I'm sorry, but i would suggest you get a better camera to allow the members to view it accurately.
it's difficult to comprehend exactly how serious the problem is with the blur pictures.
some macro shots will be necessary.

on a side note, i believe some frame builders should be able to fix this particular crack.

Rgds


----------



## 19lexicon78 (Aug 30, 2009)

i've talked to a former steel-frame builder. he said a wrong seat post, diameter/lenght, + a crash, could have cracked the lug. the lug has to be replaced.

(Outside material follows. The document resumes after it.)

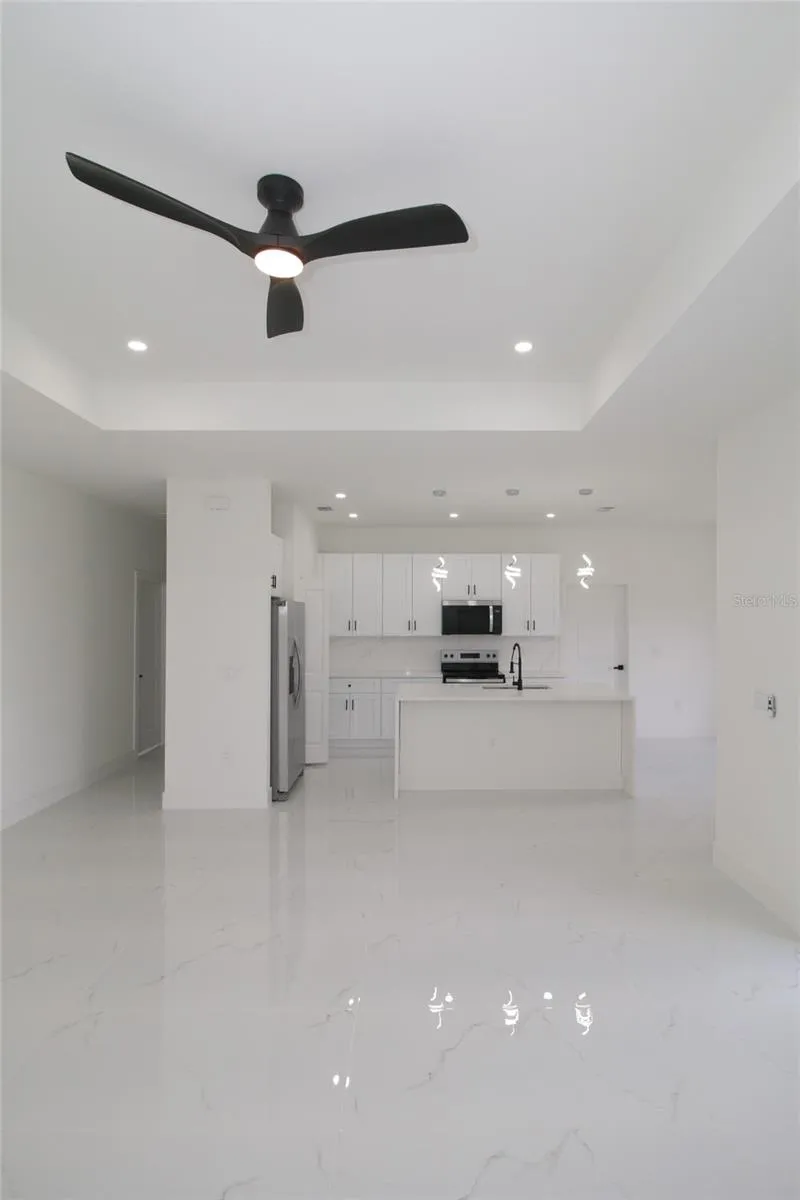 943 COMMODORE STREET Lehigh Acres, FL 33974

another possibility could be the use of the bike.
i've bought the bike in west-vlaanderen, and there are many cobblestone races in that area, eg ronde van vlaanderen/paris-roubaix. a wrong seat post and heavy races could be the failure of the lug.
perhaps that's also the reason for the extended headtube.

the seatstay at the right is 75% cracked/loose.
i don't have a good cam, sorry.


----------



## atpjunkie (Mar 23, 2002)

*find a good lug man*

somebody can fix that, somebody could find, modify, cast a new one or
wait to find a detroyed MXL with a good seat lug, rest of the frame could be broken
and salvage the lug


----------



## 19lexicon78 (Aug 30, 2009)

tja, who is able to cast the seat lug?
the mxl seat lug isn't a standard max lug.


----------



## Rik H (May 11, 2007)

Oh my! I almost bid on that frame on e-bay (another Belgian here). Certainly is a unique frame, with the freulered headtube. If it's your size, I'd consider having it repaired using a donor frame for the lug, as suggested above.


----------



## 19lexicon78 (Aug 30, 2009)

yes, the frame is my size 59.5, i'm 1.85m.
i've never seen a mxl donor frame.


----------